Kayla Fraser
Doctor of Philosophy (DPhil) in Geography and the Environment
Supervisors: Prof Patricia Daley and Dr Ian Klinke
Doctor of Philosophy (DPhil) in Geography and the Environment
Supervisors: Prof Patricia Daley and Dr Ian Klinke
Race and Africanity in Tunisian Football Fandom
Academic Profile
Kayla Fraser (she/her) is a PhD / DPhil candidate in Geography researching race, identity, and cultural politics in contemporary North Africa. Her current work examines Tunisian football fandom as a critical arena where bodily performance, modes of spectatorship, and territorial claims function as tools of racial formation. She is particularly interested in the complexities of postcolonial subjectivities and articulations of Africanity amid contested processes of nationhood, migration, and social transformation in Tunisia.

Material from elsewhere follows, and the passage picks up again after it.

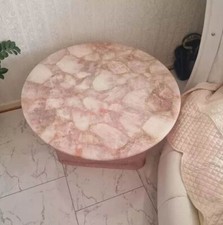 Tavolino da caffè rotondo quarzo rosa 16" pietra cristallo lusso decorazioni inaugurazione casa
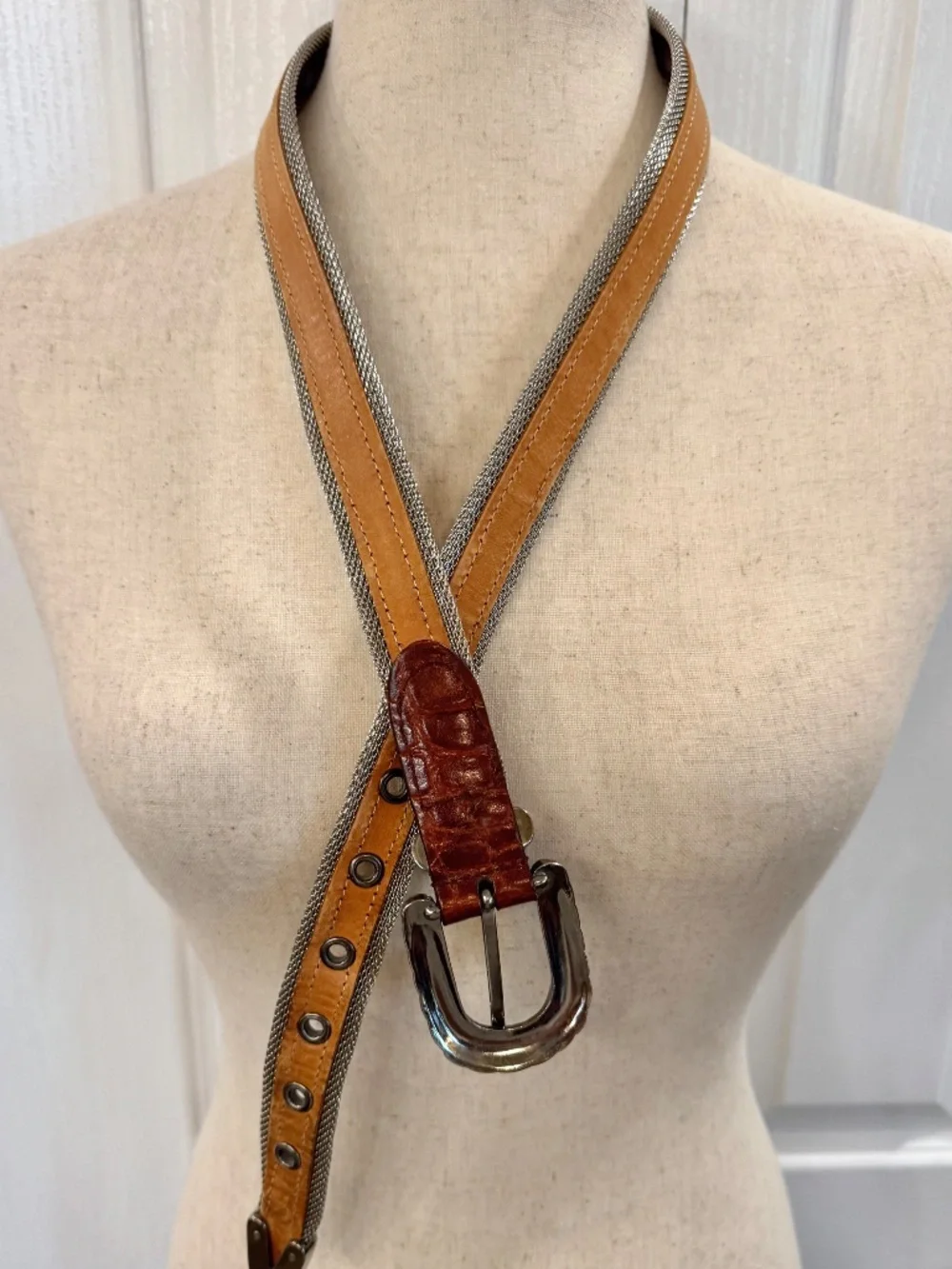 Vintage, Woman's Size Med *High End* Belt, Leather Mock-Croc & Sliver Mesh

She holds a BA in History from Panthéon-Sorbonne University (Paris 1), an M1 in International Relations from Panthéon-Assas University (Paris II), and an MSc in African Studies from the University of Oxford. She was awarded a Clarendon and Black Academic Futures Scholarship to support her doctoral studies.
Alongside her academic work, she has spent time at the French Embassy in London and UN agencies, and has been involved in community-based projects related to refugee support, sexual health, and education – experiences which continue to shape her critical orientation toward politically engaged and ethically committed scholarship.